Ahí quedó. Pero no para Nuria, que lo vio y me preguntó. Entonces fue ella quien tuvo la visión de aglutinar todo el trabajo ya hecho y el que hiciéramos después bajo este paraguas, digamos. Y creó el espectáculo artístico —que, como veremos, es mucho más que eso— con ese nombre.
Actualmente, se presenta como mucho más que un espectáculo musical: es memoria, reparación y justicia histórica. ¿La comprensión del arte como herramienta política para devolver voz a las mujeres silenciadas de Canarias estuvo siempre en el eje del proyecto o llegó después?
Nuria:
Siendo honesta, el proyecto no nació de un análisis sociológico, sino de una pulsión creativa y vital vinculada a mi propia línea materna y a la figura de mi abuela. Surgió con una fuerza telúrica, casi sin etiquetas. Fue en ese proceso de “parto artístico” donde Carmen intervino para aportar la estructura intelectual y conceptual necesaria, integrando este sentir en el marco que ya veníamos trabajando con Las Quince en el proyecto Caracolas.
Lo que empezó como una búsqueda de identidad personal terminó revelándose como una necesidad colectiva de justicia histórica.
Carmen:
Cierto. Recuerdo que no fue una intención explícita que Nuria me trasladara ni algo que yo pretendiera, porque siempre espero a lo que encuentre. Procuro dejar que los datos me hablen y no me adscribo a ninguna corriente específica de investigación, sino que voy a saco con lo que me toque indagar, que puede ser bastante variado.
Cuando me llegó el planteamiento inicial estrictamente musical —es decir, componer canciones con los testimonios de las entrevistas—, analizando la información para las canciones era evidente que no todo cabía en ellas.
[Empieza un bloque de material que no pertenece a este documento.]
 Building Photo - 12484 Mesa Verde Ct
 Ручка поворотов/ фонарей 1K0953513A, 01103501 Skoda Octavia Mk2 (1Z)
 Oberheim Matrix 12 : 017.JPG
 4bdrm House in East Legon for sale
Ese fue el punto en el que propuse complementar con una exposición y ahí está la clave de lo que has captado.
Sí, es verdad que trasciende lo descriptivo, las anécdotas o esa mirada presentista de destacar lo diferente del pasado, para convertirse justamente en eso: memoria, reparación y justicia histórica. Coincido plenamente. Y es que así fue brotando.
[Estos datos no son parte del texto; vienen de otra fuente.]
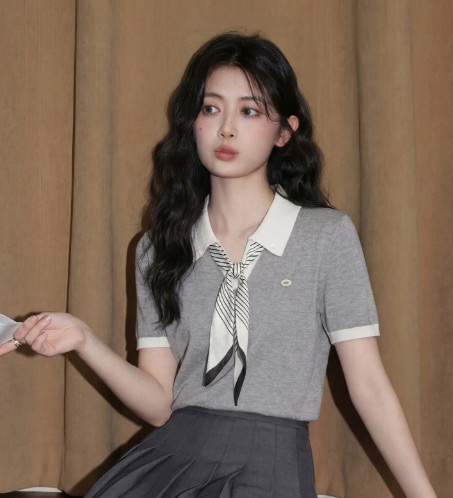 회색 얼음 실크 반팔 니트 스웨터 여성 여름 2026 여름 새로운 스카프 넥타이 고유 한 아름다운 miu 첨부 된 의류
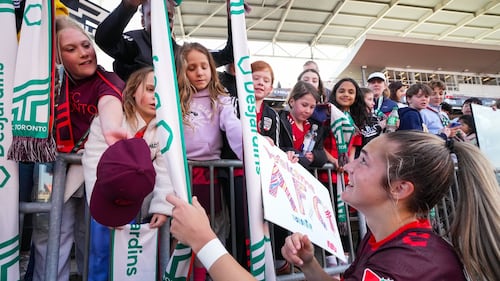 Toronto takes over third in NSL with 2-0 win over Roses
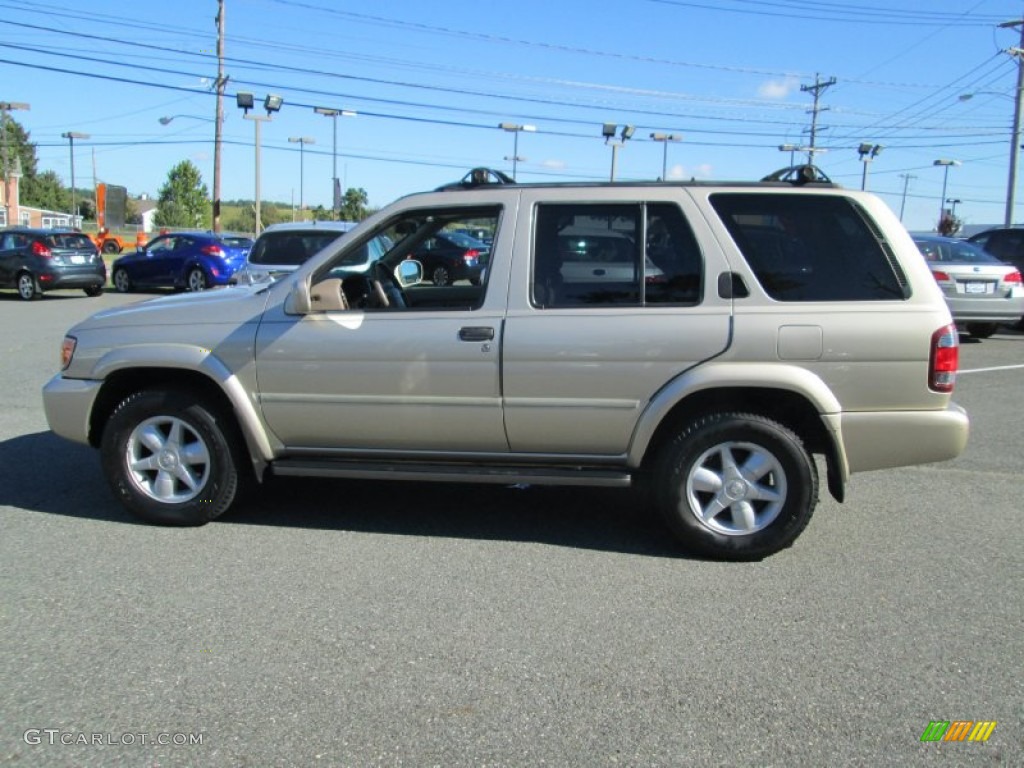 2001 Pathfinder LE 4x4 - Sahara Beige Metallic / Beige photo #9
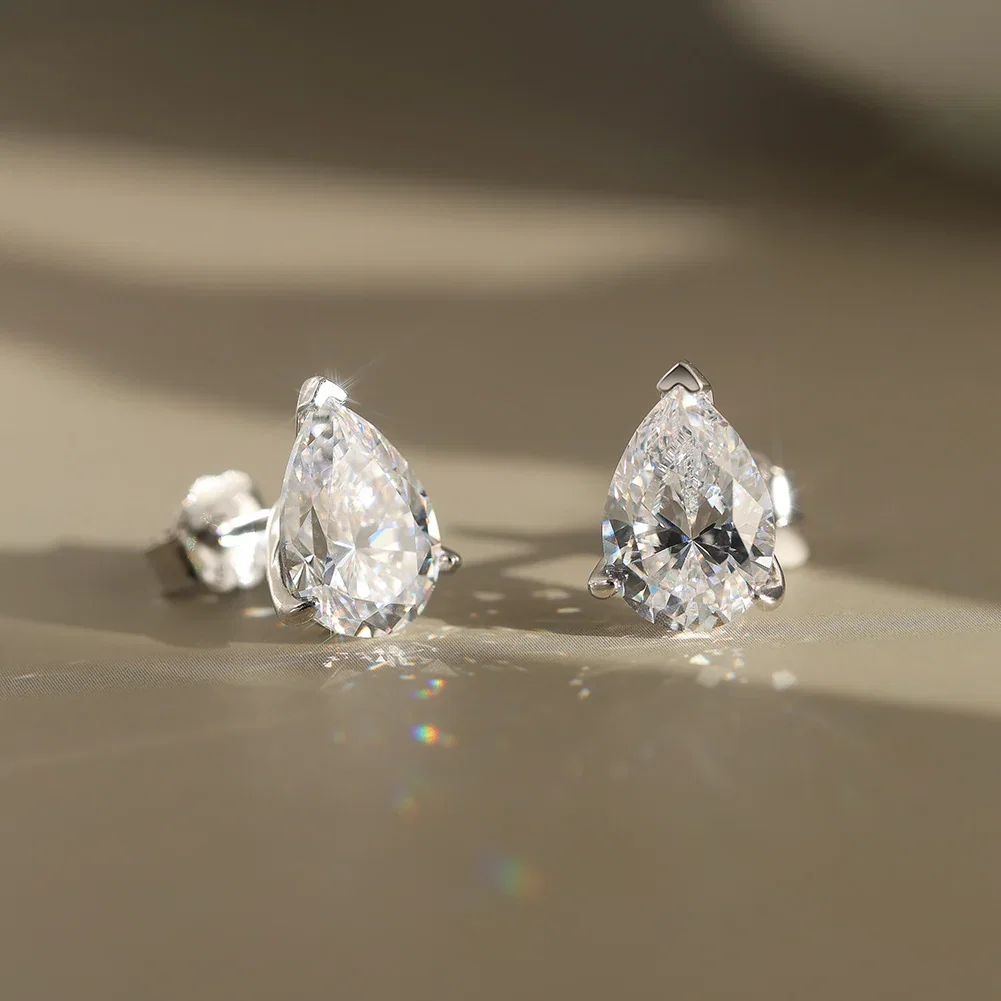 Cercei - Cercei din argint cu moissanite Pear Moissanite Argintiu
Ha sido algo casi orgánico y se ha convertido en un rasgo consustancial del proyecto, sobre todo al haber incorporado la exposición en el pack. La verdad es que diría que el hecho de que surja siempre, en cada lugar o actividad, con sus coincidencias y particularidades cuando además se les pregunta de forma general por los distintos aspectos de su vida, demuestra que no es un objetivo forzado sino una conclusión ajustada a la realidad.
El proyecto pone en el centro a mujeres mayores de 65 años, guardianas de saberes tradicionalmente relegados al ámbito privado. ¿De qué manera estos testimonios transformaron su propia comprensión de la historia insular?
Nuria:
Lo más revelador ha sido descubrir una cartografía emocional de las islas que no aparece en los mapas oficiales. A través de sus relatos, los límites municipales se desdibujan. Para ellas, el territorio no lo definen las fronteras políticas, sino los caminos y los vínculos.
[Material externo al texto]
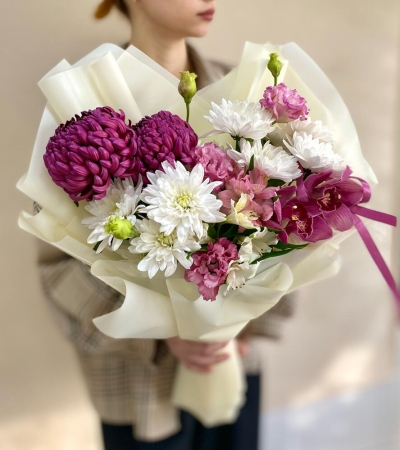 Букет с орхидеей и хризантемой бигуди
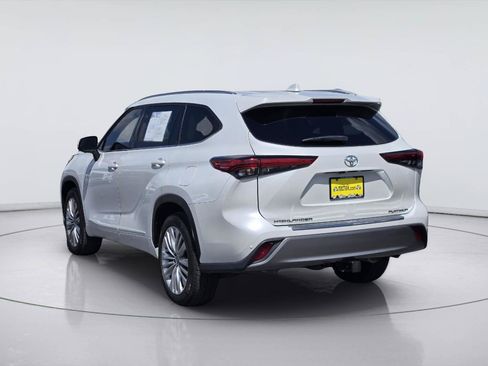 Used 2023 Toyota Highlander Platinum FWD image 6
Esta escucha nos ha permitido transitar una geografía más humana y real, donde comprendemos que el archipiélago es, en realidad, una gran familia extendida. Como gestoras de esta memoria, vemos cómo ese reconocimiento genera un arraigo sólido: cuando los lazos se hacen visibles, la identidad se fortalece.
Carmen:
Desde luego, mi mirada al paisaje también ha cambiado. Incluso en mi propio pueblo. Ha despertado otros sentidos. Y luego, desde el punto de vista de la historia económica, me ha cambiado de una forma brutal.
Tengo claro que la economía de los cuidados, aunque sostenga el sistema, al no estar retribuida dentro de la informalidad, por muy injusto que sea, parece asumida. La precariedad de la que sí se contrata también, incluso en el sector turístico. Hay que pensar que algunas de las entrevistadas han sido, por ejemplo, camareras de piso, conocidas como las kellys.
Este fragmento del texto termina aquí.